Uma vez
estava num show e na minha frente tinha um rapaz alto. Percebi num dado momento
que o rapaz usava um fone de ouvido, e como a tela era grande, pude ver que ele
estava no what’s app. Na hora fiquei abismado, onde estava aquele rapaz? Eu o
via ali, atrapalhando minha visão, mas não tenho certeza se ele sabia onde
estava.
Aliás, somos
muitos os que por vezes ficamos off-line do mundo off-line. Não apenas viajando
em nossos devaneios, mas acessando e interagindo com outros mundos.
A internet e
as redes sociais ajudam a criar essa noção de que o mundo é muito mais que o
nosso quintal, que as possibilidades de uma boa vida estão por todos os lados.
Estar imune a tamanha tentação é quase impossível.
A angústia
que sinto diante das possibilidades que a internet mostra, é a mesma que sinto quando
estou em um sebo querendo comprar livros. Eu tenho pouco dinheiro e existem
muitos livros, mas eu não sei qual levar, quando escolho um, percebo que deixei
outros duzentos bons para trás. E do mesmo jeito que não consigo comprar todos
os livros, não consigo viver todas as possibilidades que a vida oferece. O
problema é que o primeiro não causa sofrimento (só um pouquinho), mas o segundo
causa.
E a consequência
disso pode ser o que disse, surfamos na superfície das coisas para não gastar
muito tempo e esforço em coisas mais profundas, e assim termos tempo para viver
um pouco cada possibilidade que aparentemente considerarmos viável.
Esta
superficialidade se estende a relação com as pessoas, porque se antes valia a
pena dar a vida para fazer uma relação durar, hoje, ao olharmos ao redor e
vermos que há tantas opções, que há tantas formas de aliviarmos a dor, de
evitarmos o sofrimento, talvez cada vez mais vamos querer nos esforçar menos.
Li uma
notícia certa vez, que o facebook pode causar infelicidade nas pessoas. Uma das
razões é o fato de você ver pessoas felizes o tempo todo, e ao olhar para si
próprio, perceber que não é tão feliz ou não faz tantas coisas legais como
estas pessoas.
[Há quem chame isso de inveja branca, que é
uma expressão nonsense. Primeiro por causa da ideia de que as coisas brancas
sejam boas; segundo porque a inveja é um sentimento de tristeza perante a
felicidade do outro, ou seja, independente da cor que se queira dar, continua
sendo inveja].
Até nos
jogos de vídeo game, que costumam ser ambientes de competição, se tem arrumado
formas de se evitar o sofrimento. Tem um jogo de corrida que quando você erra
uma curva, rodopia ou qualquer coisa assim, tem um botão que você aperta e seu
carro volta antes do erro (fora os autosavings).
Com tantos
atrativos, a vida on-line tem tudo para engolir a vida off-line. Bom, esse
engolir pode significar muita coisa, porque por mais que tentemos escapar da
vida real, ela continua e ela prevalece. Portanto considero ideal o
entendimento dessa relação da vida on-line com a off-line, de forma que possamos
encontrar o caminho do meio, fazer com que as possibilidades da vida on-line,
nos mostrem caminhos melhores na vida off-line.

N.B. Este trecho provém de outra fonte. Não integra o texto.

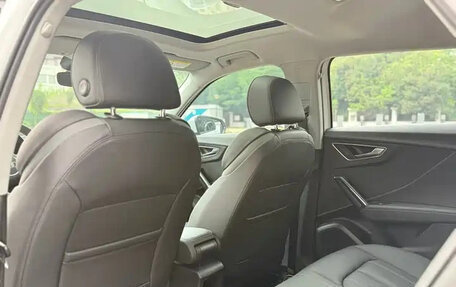 Audi Q2 I, 2022 год, 1 767 777 рублей, 8 фотография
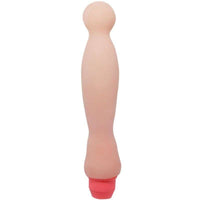 Thumbnail for Dildo vibrante pieghevole stimolazione G e prostata con velocità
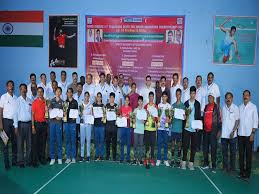 Image result for Lowestoft & District Junior Badminton Club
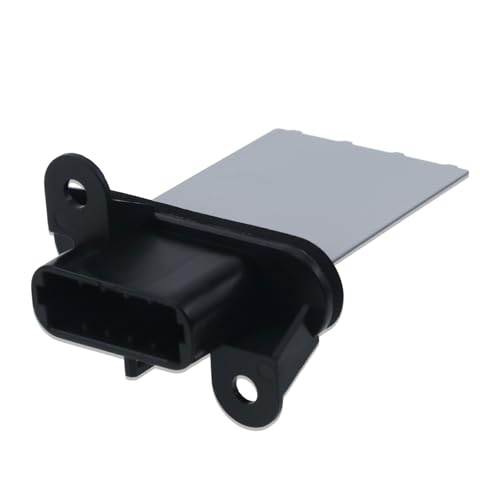 Image of AITKEN AC Blower Motor Resistor Compatible with Toyota Tacoma 2005-2023(2nd Generation to Date) Replaces 973-582.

[Um pouco antes de fechar o post, vi uma notícia de uma menina que morreu num acidente de moto no Paraguai. Ela bateu na traseira de um caminhão que estava parado. Em suas mãos, um celular... Agora ela está off-line para sempre.]
Saudações, de seu leitor.
Este post é uma
resposta para uma das cartas que Zygmunt Bauman publicou
na revista italiana La Repubblica delle Donne
entre 2008 e 2009, que depois foram reunidas e editadas para o livro 44 Cartas ao Mundo Líquido Moderno (Zahar).